Theory of quantum impurities in spin liquids

TL;DR

This paper investigates the behavior of impurities in certain gapless spin liquids using conformal field theory, revealing universal impurity responses and correcting previous theories, with implications for high-temperature superconductors.

Contribution

It introduces a gauge theory framework for impurities in U(1) spin liquids, showing universal impurity susceptibility and correcting earlier vacancy models.

Findings

Impurity susceptibility follows a 1/T law with a universal Curie constant.

Magnetic field does not induce staggered magnetization in the sF state.

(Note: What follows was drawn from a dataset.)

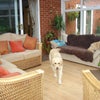 Photo 5: Conservatory and Goldens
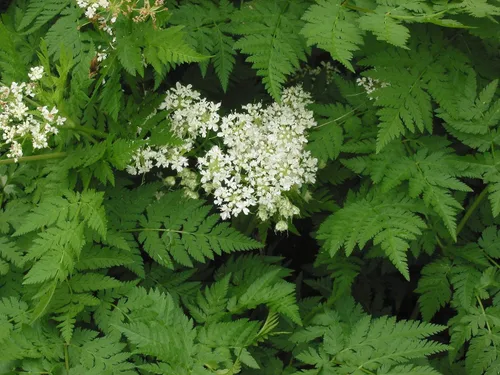 Vista 3 de Plant Good Seed Sweet Cicely Seeds - Paquete de 20 semillas tradicionales para plantar flores, suministros de jardinería, jardín de hierbas, flores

The gauge theory provides a more accurate description than previous models.

Abstract

We describe spin correlations in the vicinity of a generalized impurity in a wide class of fractionalized spin liquid states. We argue that the primary characterization of the impurity is its electric charge under the gauge field describing singlet excitations in the spin liquid. We focus on two gapless U(1) spin liquids described by 2+1 dimensional conformal field theories (CFT): the staggered flux (sF) spin liquid, and the deconfined critical point between the Neel and valence-bond-solid (VBS) states. In these cases, the electric charge is argued to be an exactly marginal perturbation of the CFT. Consequently, the impurity susceptibility has a 1/T temperature dependence, with an anomalous Curie constant which is a universal number associated with the CFT. One unexpected feature of the CFT of the sF state is that an applied magnetic field does not induce any staggered spin polarization in the vicinity of the impurity (while such a staggered magnetization is present for the Neel-VBS case). These results differ significantly from earlier theories of vacancies in the sF state, and we explicitly demonstrate how our gauge theory corrects these works. We discuss implications of our results for the cuprate superconductors and organic Mott insulators.